■ EXERCISE DETAILS ■
Answer with the exact lines of the following material from the one containing "Perry Rock Girl Long Sleeve T-Shirt" through the one containing "Donut Time 30&quot; Mylar Balloon", both end lines included.

■ GIVEN INFORMATION ■
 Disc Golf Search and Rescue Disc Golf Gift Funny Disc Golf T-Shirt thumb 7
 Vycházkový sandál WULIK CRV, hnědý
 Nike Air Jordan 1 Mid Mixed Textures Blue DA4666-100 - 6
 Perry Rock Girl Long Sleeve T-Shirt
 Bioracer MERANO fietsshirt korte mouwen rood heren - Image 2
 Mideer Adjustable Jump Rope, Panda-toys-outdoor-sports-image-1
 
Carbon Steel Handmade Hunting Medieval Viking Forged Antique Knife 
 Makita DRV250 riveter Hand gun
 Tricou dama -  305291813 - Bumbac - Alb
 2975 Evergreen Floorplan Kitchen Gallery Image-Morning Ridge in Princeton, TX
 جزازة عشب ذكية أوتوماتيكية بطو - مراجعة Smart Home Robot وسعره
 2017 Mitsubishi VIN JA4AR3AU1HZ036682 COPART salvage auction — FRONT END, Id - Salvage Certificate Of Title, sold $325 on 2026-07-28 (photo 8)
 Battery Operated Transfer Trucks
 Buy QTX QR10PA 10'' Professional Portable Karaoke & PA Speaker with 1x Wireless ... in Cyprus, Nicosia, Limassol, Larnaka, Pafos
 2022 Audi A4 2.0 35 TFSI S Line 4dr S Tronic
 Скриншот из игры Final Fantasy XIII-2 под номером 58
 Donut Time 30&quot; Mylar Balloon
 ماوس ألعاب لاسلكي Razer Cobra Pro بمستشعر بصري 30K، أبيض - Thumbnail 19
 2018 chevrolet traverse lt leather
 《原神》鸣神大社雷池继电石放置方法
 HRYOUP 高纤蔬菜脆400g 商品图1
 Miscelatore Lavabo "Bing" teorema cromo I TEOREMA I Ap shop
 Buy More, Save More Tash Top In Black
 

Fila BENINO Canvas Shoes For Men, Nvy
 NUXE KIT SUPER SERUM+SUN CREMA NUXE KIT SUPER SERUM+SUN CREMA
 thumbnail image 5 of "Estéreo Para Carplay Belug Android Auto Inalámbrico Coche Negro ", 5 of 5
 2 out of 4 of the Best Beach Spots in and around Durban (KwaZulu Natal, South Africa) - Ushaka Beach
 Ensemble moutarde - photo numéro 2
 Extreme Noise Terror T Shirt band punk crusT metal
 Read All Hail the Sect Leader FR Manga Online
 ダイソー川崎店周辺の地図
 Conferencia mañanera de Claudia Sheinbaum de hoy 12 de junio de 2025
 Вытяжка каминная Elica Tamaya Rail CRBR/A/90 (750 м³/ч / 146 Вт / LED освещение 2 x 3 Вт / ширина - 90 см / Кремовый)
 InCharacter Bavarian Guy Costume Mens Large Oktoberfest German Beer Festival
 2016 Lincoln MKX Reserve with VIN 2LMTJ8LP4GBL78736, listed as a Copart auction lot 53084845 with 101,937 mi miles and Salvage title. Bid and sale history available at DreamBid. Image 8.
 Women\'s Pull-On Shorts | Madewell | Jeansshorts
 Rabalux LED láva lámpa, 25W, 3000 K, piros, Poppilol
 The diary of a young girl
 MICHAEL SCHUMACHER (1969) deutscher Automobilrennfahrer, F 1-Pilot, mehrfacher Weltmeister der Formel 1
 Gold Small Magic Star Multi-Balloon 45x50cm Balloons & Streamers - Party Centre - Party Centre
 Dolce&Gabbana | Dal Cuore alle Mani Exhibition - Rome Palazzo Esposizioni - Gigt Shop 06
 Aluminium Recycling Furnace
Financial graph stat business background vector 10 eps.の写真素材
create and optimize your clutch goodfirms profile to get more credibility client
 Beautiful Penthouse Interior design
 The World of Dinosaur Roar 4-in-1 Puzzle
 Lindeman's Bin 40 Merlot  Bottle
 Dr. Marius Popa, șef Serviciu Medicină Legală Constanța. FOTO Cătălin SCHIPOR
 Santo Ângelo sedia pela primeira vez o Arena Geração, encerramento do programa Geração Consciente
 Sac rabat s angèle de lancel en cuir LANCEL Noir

■ ANSWER FOR THE TASK ■
 Perry Rock Girl Long Sleeve T-Shirt
 Bioracer MERANO fietsshirt korte mouwen rood heren - Image 2
 Mideer Adjustable Jump Rope, Panda-toys-outdoor-sports-image-1
 
Carbon Steel Handmade Hunting Medieval Viking Forged Antique Knife 
 Makita DRV250 riveter Hand gun
 Tricou dama -  305291813 - Bumbac - Alb
 2975 Evergreen Floorplan Kitchen Gallery Image-Morning Ridge in Princeton, TX
 جزازة عشب ذكية أوتوماتيكية بطو - مراجعة Smart Home Robot وسعره
 2017 Mitsubishi VIN JA4AR3AU1HZ036682 COPART salvage auction — FRONT END, Id - Salvage Certificate Of Title, sold $325 on 2026-07-28 (photo 8)
 Battery Operated Transfer Trucks
 Buy QTX QR10PA 10'' Professional Portable Karaoke & PA Speaker with 1x Wireless ... in Cyprus, Nicosia, Limassol, Larnaka, Pafos
 2022 Audi A4 2.0 35 TFSI S Line 4dr S Tronic
 Скриншот из игры Final Fantasy XIII-2 под номером 58
 Donut Time 30&quot; Mylar Balloon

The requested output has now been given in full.